Second, the potential for publication bias cannot be excluded. It is possible that studies with negative or inconclusive results were less likely to be published, which could lead to an overestimation of the efficacy of some agents included in this review. As discussed previously, the marked heterogeneity across the included studies prevented a quantitative meta-analysis. This was particularly true for the SGLT2 inhibitor subgroup, where pooling was considered but deemed methodologically inappropriate, primarily due to the significant variability in the primary efficacy outcome definitions used across the pivotal trials. As the metrics for “treatment success” were not comparable, combining these disparate outcomes would have been misleading. We therefore proceeded with a narrative synthesis, which relies on qualitative interpretation.

A further limitation is the lack of prospective registration of our review protocol.

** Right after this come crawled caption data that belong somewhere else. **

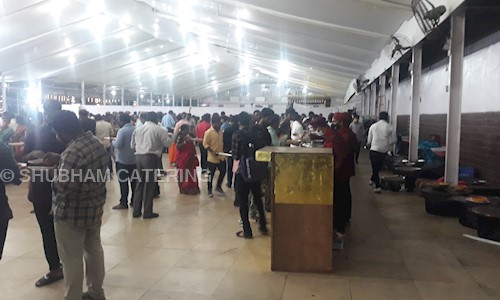 A Pradeep Kumar - Catering Services in Himayat Nagar, Hyderabad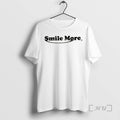 Officials Smile More Logo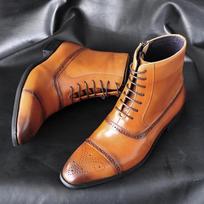Prabangūs vyriški batai Retro Oxfordai Odiniai batai vyrams Verslo čiurnos batai Aukštos kokybės vyriški Chelsea batai Brogue batai Dydis 39-47 47 brown
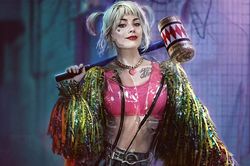 Được giới chuyên môn khen ngợi, 'Birds of Prey' của nàng Harley Quinn vẫn có doanh thu hẩm hiu vì quảng bá 'quá lỗi'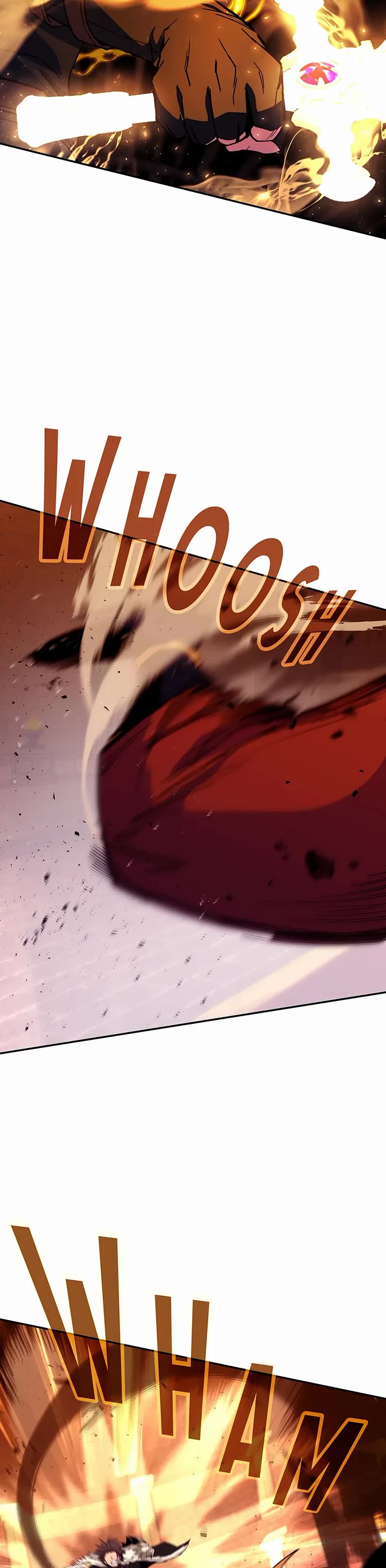 I Became a Part Time Employee for Gods Chapter 97 page 34 - Chapter 97: A Godly Obstacle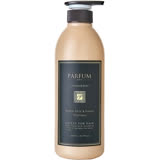 Parfum巴黎帕芬 名牌香水強健髮根洗髮精600ml(Jo-馬龍 英國梨與小蒼蘭)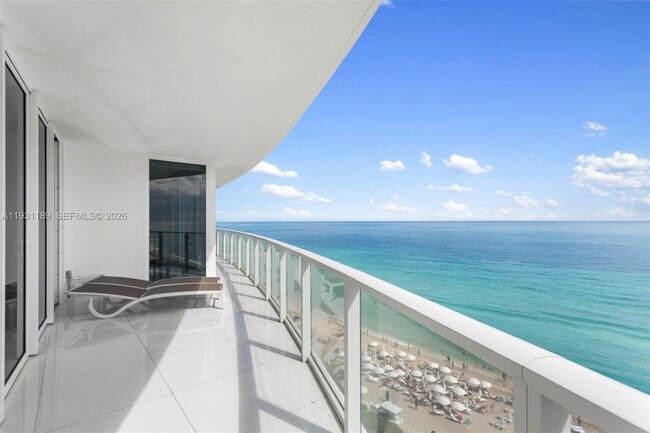 Building Photo - 3951 S Ocean Dr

While the methodology was established a priori, the absence of a public, time-stamped protocol means that any potential deviations from the initial plan cannot be formally audited, which may increase the risk of reporting bias.

Finally, the literature search for this review was concluded on 4 April 2025. Although the authors have monitored the literature during manuscript preparation, it is possible that new evidence may have emerged after this date.

5. Conclusions

This systematic review concludes that the therapeutic landscape for FDM is undergoing a paradigm shift. The evidence supporting the use of traditional NIADs, such as sulfonylureas and biguanides, is scarce and of low methodological quality, suggesting limited clinical utility. In contrast, newer agents, particularly SGLT2 inhibitors, have demonstrated considerable efficacy as an oral monotherapy in recent, large clinical trials, in some cases showing non-inferiority to insulin. However, this promising efficacy is balanced by a distinct and serious safety consideration, namely the risk of eDKA, creating a critical new risk–benefit calculus for clinicians and owners, one that is heavily dependent on the owner’s ability and commitment to adhere to strict home monitoring protocols.

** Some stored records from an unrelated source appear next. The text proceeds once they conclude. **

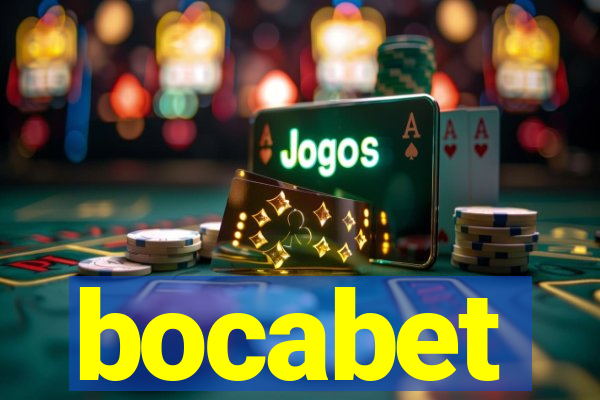 bocabet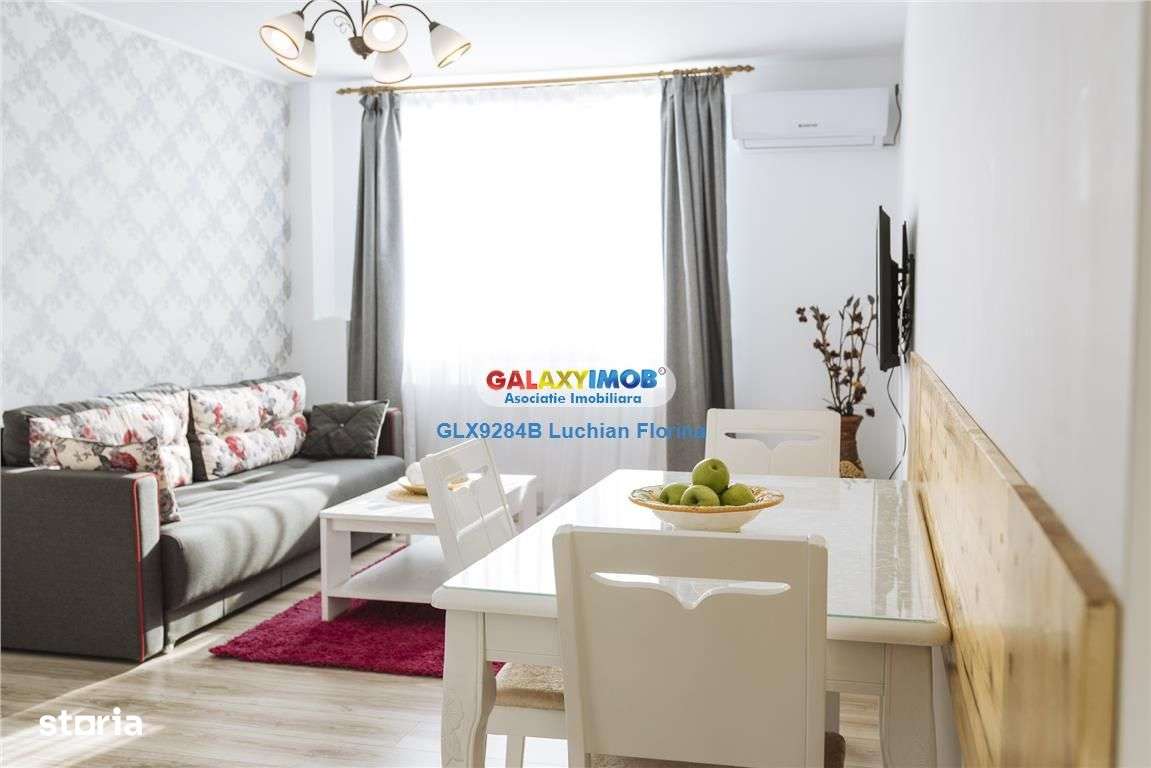 2-room apartment near Calea Victoriei - Academy of Economic Studies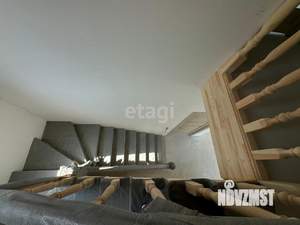 Дом 123м², 2-этажный, участок 5 сот.  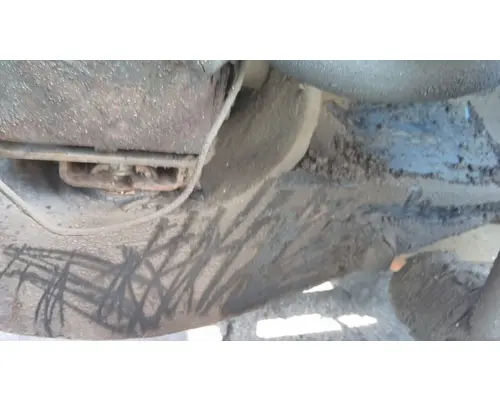 INTERNATIONAL 9400I FRAME HORN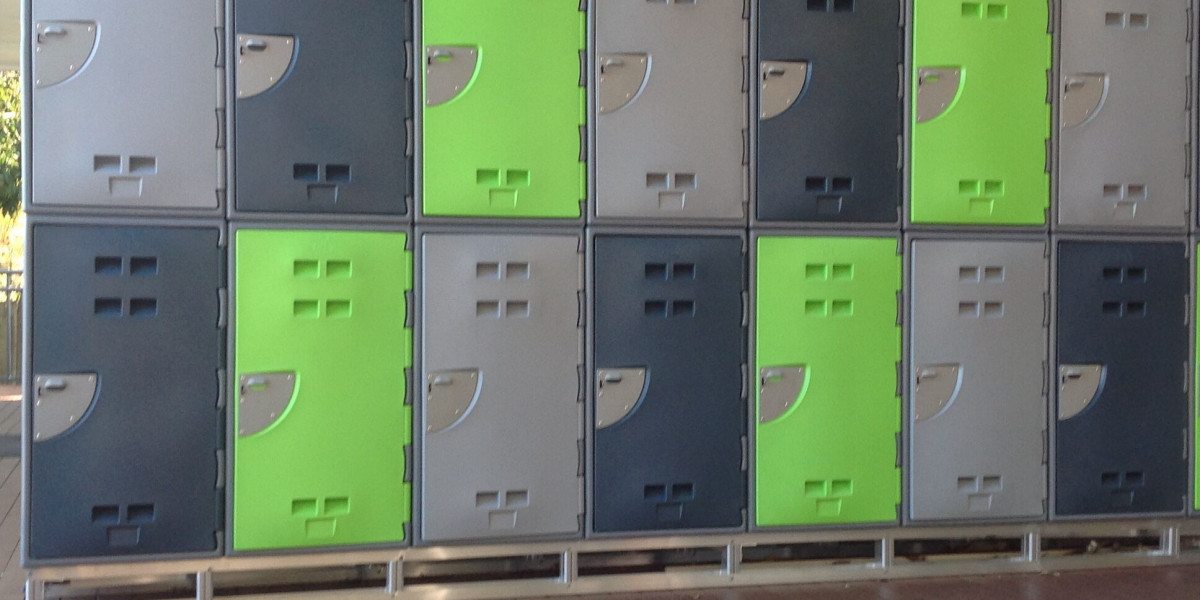 Durable and Secure Lockers in Wellington - Your Reliable Storage Solution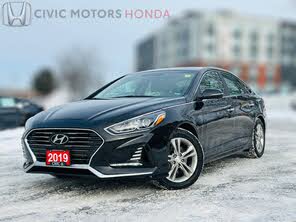 2019 Hyundai Sonata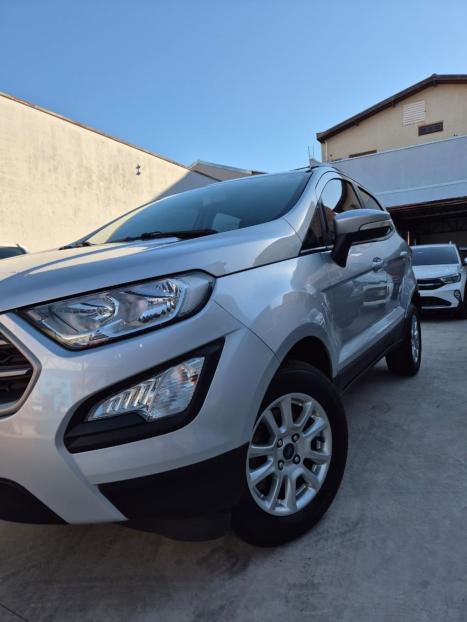 FORD Ecosport 1.5 12V 4P TI-VCT SE FLEX AUTOM�TICO, Foto 2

The analysis of the current evidence base also reveals several critical gaps, pointing to clear directions for future research. To build a more robust foundation for evidence-based practice, there is a pressing need for high-quality, double-blinded RCTs, not only to confirm the efficacy rates observed in uncontrolled studies but also to conduct head-to-head comparisons between novel agents. Furthermore, future trials must better reflect clinical reality by evaluating the safety and efficacy of NIADs in cats with common comorbidities, such as chronic kidney disease and pancreatitis. A move toward standardized, clinically meaningful primary outcomes, including long-term diabetic remission rates, is also necessary to allow for more meaningful comparisons between studies. Finally, this review identified a significant translational gap; promising drug classes like the thiazolidinediones, which demonstrated strong positive effects in experimental models, warrant investigation in clinical trials of diabetic cats.